Hi Phil,
thanks for the quick response.
Am 01.11.13 20:54, schrieb Phil Hunt:
See below... Phil
@independentid www.independentid.com phil.h...@oracle.com
On 2013-11-01, at 12:13 PM, Hannes Tschofenig
<hannes.tschofe...@gmx.net> wrote:
Hi Phil, Hi Tony, Hi all,
regarding this document I believe there are the following questions
the group may want to think about:
a) Is the lifecycle of software development (Figure 1) common
accross several companies?
We are trying to be generic. What we are trying to do is take the old
model where a developer would register with a Facebook, a Google,
whatever and apply it to what happens to open source API and
commercial API scenarios where software is deployed in many locations
(not just a single cloud provider).
Certainly makes sense. I am just saying that it would be good if there
are others in the group who say that the described model lines up with
their practices. You never know but their practices may actually be
different.
b) The document defines a number of attributes. Are those
attributes also used in other deployments? Is their semantic
clearly defined so that meaningful actions can be taken when
receiving those?
The attributes come from Dynamic Registration. Only thing new here
is software_id and software_version.
I didn't realize that. Maybe that's worthwhile to highlight.

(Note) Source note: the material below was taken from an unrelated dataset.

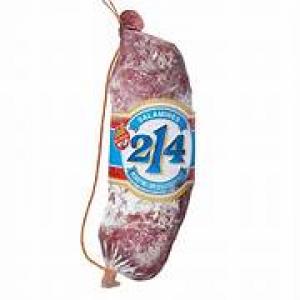 Salamin 214 Picado Fino X 1 und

So, the question would then be to the group whether the two newly
defined attributes are sufficient and well-defined. The description was
good for me.
c) Is the proposed approach for conveying the software statement
acceptable for the group? (currently the information is conveyed as
a bearer token encoded as JWT).
John Bradley's JWT token is similar, but I think they have different
characteristics in the way they are used. I'd like to here John
present this at the meeting before I attempt to try and compare them.
This is something I'd like to work on together.
Thanks; that might be useful. I personally don't have a preference here
but getting feedback from the group would be good.
What would be good to have is two things:
* Examples
* Text that describes what decisions can be made by the
introduction of the software assertions. This text could go into
the introduction to provide a motivation about why to use it.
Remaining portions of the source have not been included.